• **WHAT YOU SHOULD DO**: Word for word, write out all of the data below.

• **DATASET ENTRIES**:
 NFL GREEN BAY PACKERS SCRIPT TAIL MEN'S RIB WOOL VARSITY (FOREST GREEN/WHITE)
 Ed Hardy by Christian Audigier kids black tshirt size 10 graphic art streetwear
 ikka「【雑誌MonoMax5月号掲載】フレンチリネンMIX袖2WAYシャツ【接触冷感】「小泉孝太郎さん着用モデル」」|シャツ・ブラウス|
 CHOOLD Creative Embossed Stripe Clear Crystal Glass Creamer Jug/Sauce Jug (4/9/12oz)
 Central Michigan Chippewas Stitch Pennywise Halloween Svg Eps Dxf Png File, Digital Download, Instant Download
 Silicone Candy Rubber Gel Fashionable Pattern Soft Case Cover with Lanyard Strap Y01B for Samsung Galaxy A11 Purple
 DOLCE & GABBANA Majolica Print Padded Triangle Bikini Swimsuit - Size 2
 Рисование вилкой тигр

• **RESULT OF THE TASK**:
 NFL GREEN BAY PACKERS SCRIPT TAIL MEN'S RIB WOOL VARSITY (FOREST GREEN/WHITE)
 Ed Hardy by Christian Audigier kids black tshirt size 10 graphic art streetwear
 ikka「【雑誌MonoMax5月号掲載】フレンチリネンMIX袖2WAYシャツ【接触冷感】「小泉孝太郎さん着用モデル」」|シャツ・ブラウス|
 CHOOLD Creative Embossed Stripe Clear Crystal Glass Creamer Jug/Sauce Jug (4/9/12oz)
 Central Michigan Chippewas Stitch Pennywise Halloween Svg Eps Dxf Png File, Digital Download, Instant Download
 Silicone Candy Rubber Gel Fashionable Pattern Soft Case Cover with Lanyard Strap Y01B for Samsung Galaxy A11 Purple
 DOLCE & GABBANA Majolica Print Padded Triangle Bikini Swimsuit - Size 2
 Рисование вилкой тигр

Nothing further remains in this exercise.